[WHAT YOU HAVE TO DO]
A word-for-word retyping of the listing below is required, with the pictures dropped.

[PROVIDED MATERIAL Boundary: Start]

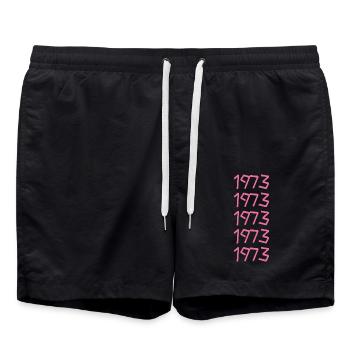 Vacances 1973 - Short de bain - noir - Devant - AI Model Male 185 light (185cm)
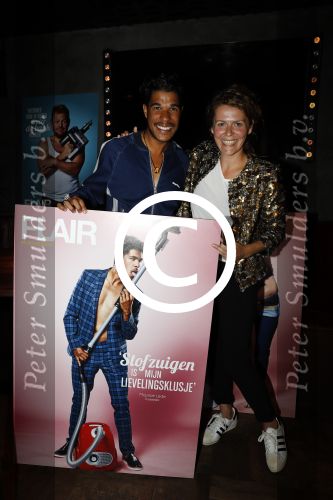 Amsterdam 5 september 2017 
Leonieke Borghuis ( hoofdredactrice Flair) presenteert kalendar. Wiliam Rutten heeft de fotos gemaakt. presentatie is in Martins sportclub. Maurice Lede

[PROVIDED MATERIAL Boundary: End]

[ANSWER SECTION]
 Vacances 1973 - Short de bain - noir - Devant - AI Model Male 185 light (185cm)
 Amsterdam 5 september 2017 
Leonieke Borghuis ( hoofdredactrice Flair) presenteert kalendar. Wiliam Rutten heeft de fotos gemaakt. presentatie is in Martins sportclub. Maurice Lede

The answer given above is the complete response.